Could there be conditions where the line

while (consumerIterator.hasNext() && consume) {

never goes false?

@mariamhakobyan
Copy link
Owner

Hi @rberger,

Regarding your first comment "I'm having the same problem. What's strange is it worked for a little while, then I deleted the river and re-created it and can't get it to work". I just tested the same behaviour on my local machine, when I delete the river, and create it again, without restarting the elasticsearch server, I could see the new messages being inserted from kafka into elasticsearch (I was using plain string messages).

Actually I am using the following command to retrieve all the data inserted into ES:

GET /kafka-index/_search?pretty=1

Could you maybe try the above mentioned command, and see if that shows any result for you?

Regards,
Mariam

@rberger
Copy link

rberger commented Nov 29, 2014

I'm pretty sure that for some reason, maybe due to the way the data from my kafka topic is coming in, the elasticsearch bulk add is never getting called.
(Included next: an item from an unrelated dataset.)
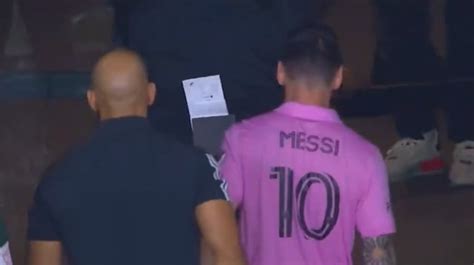 Video Lionel Messi Se Fue Al Vestuario Tras La LesiÓn Acompañado De Su Guardaespaldas Tn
I see the logging from the line
logMessage(messageAndMetadata); in the KafkaWorker but no other logging output that indicates it ever does ever call elasticsearchProducer.addMessagesToBulkProcessor(consumedMessages)

I am wondering if I have a stream of data coming from kafka that always makes consumerIterator.hasNext == true.

My Java fu is weak and I'm just learning Elasticsearch and Kafka, but I will try to do some experiments. I will also try another kafka topic where I update the topic manually so I can see if its related to how much continuous data is in the kafka topic.

Any help is appreciated. If you have the interest, please drop me an email at rberger@mistsys.com and I could give you access to our kafka consumer to see if its a usage pattern problem or if I'm just doing something wrong. In any case appreciate you creating this tool and your help!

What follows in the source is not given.